Dès la fin de ses études, elle trouve du travail dans une imprimerie comme dessinatrice-maquettiste. Son travail l’épanouit. Comme elle est très ambitieuse, elle se forme à la photogravure car ce métier est mieux rémunéré. L’équipe de photogravure la soutient, la guide et lui apprend les ficelles du métier.

Plus tard, Priska a des enfants et comme son compagnon décide de s’investir dans la gestion d’un hôtel à Saint-Pierre, elle choisit de travailler avec lui pour l’aider. Au bout de quelques années, épuisés par un travail qui ne leur laisse que peu de liberté, ils passent à autre chose, se séparent et changent d’activité professionnelle. C’est difficile de vivre seule : c’est une lutte constante puisqu’il faut assurer sur tous les fronts, mais Priska est courageuse. Elle ouvre alors un petit atelier de couture après avoir fait une étude de marché et constaté que ce genre d’activité manque dans le secteur. Elle est épaulée par deux employés.

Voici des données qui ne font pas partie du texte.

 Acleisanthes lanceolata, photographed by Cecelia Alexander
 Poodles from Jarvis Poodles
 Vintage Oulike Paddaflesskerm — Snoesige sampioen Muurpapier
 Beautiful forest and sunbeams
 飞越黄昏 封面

Elle déménage, achète une maison à Joli fond et se met à peindre de plus en plus régulièrement. Elle fait plusieurs expositions (à la mairie annexe de la Ravine Blanche, à la galerie d’art du Journal de l’île, au restaurant chez Nico à Basse-Terre, au restaurant l’Ostéria à Saint-Pierre…) elle participe aussi à plusieurs expositions collectives (Identité/diversité en 2015 ; Diversité/Kréolité en 2016 ; Kréolité Terre-Sainte en 2017 et Ôbleu. Je rêve d’une terre bleue comme une orange en 2021)

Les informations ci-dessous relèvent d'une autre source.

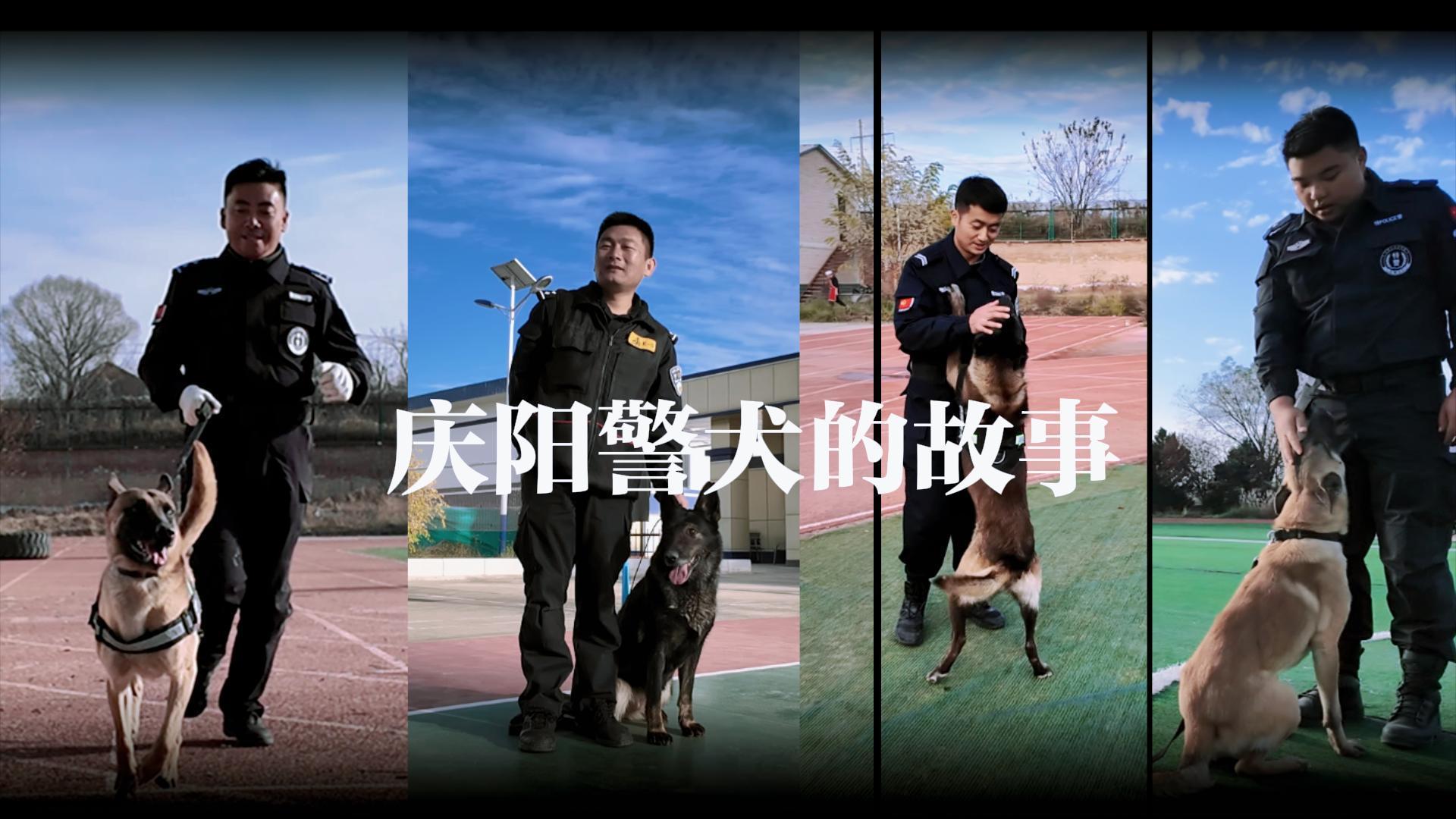 慶陽警犬的故事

Priska travaille beaucoup, sans relâche. Elle est aussi très organisée et inventive. C’est ainsi qu’elle crée ses modèles de vêtements et qu’elle les expose dans des showrooms. En outre, elle organise des événements et notamment des mariages dont elle assure la décoration.

Pour elle, se faire reconnaître en tant qu’artiste est un combat. Il est très difficile de vivre de sa peinture et c’est la raison pour laquelle elle garde son entreprise de couture. Pourtant, elle a confiance : les retours sur ses expositions sont bons. Cette dernière exposition de femmes l’a épuisée, mais elle en est fière. Elle me raconte comment elle a travaillé chaque tableau : elle s’est d’abord immergée dans la biographie de chacune des peintres puis elle s’est entourée de photographies ou de portraits de chacune d’elle. A partir de ce matériau, elle n’a pas voulu faire quelque chose de « ressemblant » mais quelque chose d’inspiré. Elle voulait saisir une impression, une sensation, des émotions. D’une manière générale, elle a abandonné le travail à l’huile car elle y était allergique. Désormais, elle varie les médiums : craie, pastel, acrylique, fusain.

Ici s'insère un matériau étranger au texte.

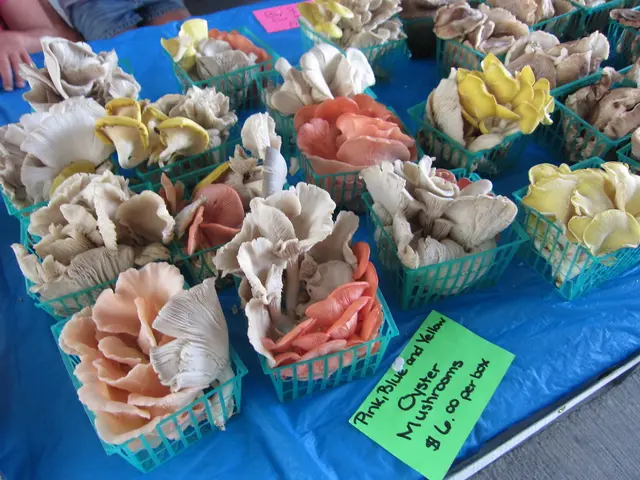 Ruling of Primary Court handed down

Dans sa vie privée, Priska est très sociable, a des amies avec lesquelles elle adore aller écouter de petits concerts, comme au café de la Gare. Elle est aussi impliquée dans la vie associative, particulièrement les associations qui concernent les femmes, mais aussi les associations de son quartier car elle aime s’occuper des enfants, leur apprendre à faire un peu d’artisanat, à créer des savons, des bougies, leur faire découvrir le plaisir du dessin, de la couleur.

Priska a deux enfants, désormais adultes tous les deux. Ce sont de grands voyageurs qui vivent bien loin de La Réunion : entre Paris et Londres pour sa fille, entre le Canada, l’Australie et le Japon pour son fils. Même s’ils sont loin d’elle et qu’elle les voit peu, elle est heureuse de leur avoir transmis legène de la curiosité et de l’indépendance.